There are many reasons why humans gravitated towards gold as a form of money and wealth:

  • It does not corrode like other heavy metals (copper, lead, iron).
  • It is heavy and dense, making it less fragile than other non corrosive metals (like aluminum).
  • It is rare enough to be valuable, but common enough that it can circulate in a society (unlike platinum or palladium).
  • It can be melted easily over a flame, meaning it can be easily minted into coins and jewellery.
  • It has a deeper shine and glow than other metals.

All of these characteristics are unique to gold which make it an ideal candidate for "money" or an exchange of value.

There came a time in history where instead of swapping carts full of apples or herds of cows to pay for things, people simply used gold coins, which was far more practical and allowed for trade to flourish.

While money later evolved into "gold-backed" paper notes, and later (today) "government-backed" paper notes, gold is still considered a precious metal that holds a monetary value in society.

Advantages of gold today

  • It is not controlled by any one government or nation.
  • It is globally recognised as a precious metal.
  • It has true scarcity (must be mined, cannot be printed)
  • Its value cannot be easily inflated away (as supply is not easily increased)
  • It has industrial uses (in electronics and jewellery).

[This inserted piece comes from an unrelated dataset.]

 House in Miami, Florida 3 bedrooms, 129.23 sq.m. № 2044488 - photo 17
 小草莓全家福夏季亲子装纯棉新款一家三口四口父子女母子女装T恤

Disadvantages of gold today

  • It is difficult to store safely.
  • Counterfeiting is a problem.
  • It is expensive to move large amounts due to weight and security.
  • It is difficult to transact with because it is not easily divisible into small amounts.

Why People Invest In Gold Today

Gold is still a very popular investment today. Most governments have gold reserves, and many hedge funds and billionaires have positions in gold.

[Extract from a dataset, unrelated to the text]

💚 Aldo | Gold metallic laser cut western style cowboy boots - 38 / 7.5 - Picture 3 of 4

The main reason people invest in gold today is to hedge against inflation.

Because money can be printed on demand, its value can be inflated away very quickly.

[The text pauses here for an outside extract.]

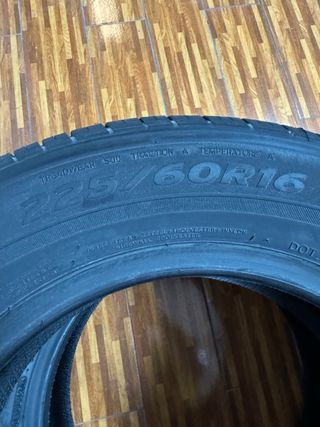 Neumáticos 225/60R16 nuevos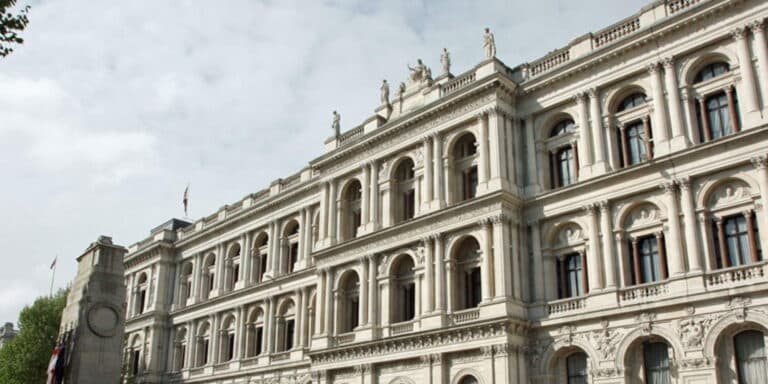 Ουκρανία: Η Βρετανία μεταφέρει την πρεσβεία της στο Λβιβ – Έκκληση στους πολίτες να εγκαταλείψουν τη χώρα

Whenever more money is printed, dollar become weaker, so the dollar value of gold (usually) rises.

Because gold cannot be printed, it is an ideal hedge against this.

Gold is also popular because it is not tied to any one country. 

Many people have seen their currencies become worthless overnight throughout history (Ecuador, Zimbabwe, Venezuela etc), so holding your wealth in a national currency can be seen as unsafe. 

The British Pound is the oldest surviving currency, which has been around for approximately 1,200 years, but in that time, hundreds of other national currencies have collapsed and become worthless.

Many economists predict that even the USD will collapse at some point in the future. Of course none of us can guess when - it could be 100 or 1,000 years from now - but statistically it is likely to happen at some point.

Especially for people in countries where the national currency is weak and unstable, gold can feel like a much safer way to store their wealth.

Types Of Gold (And How To Invest In Them)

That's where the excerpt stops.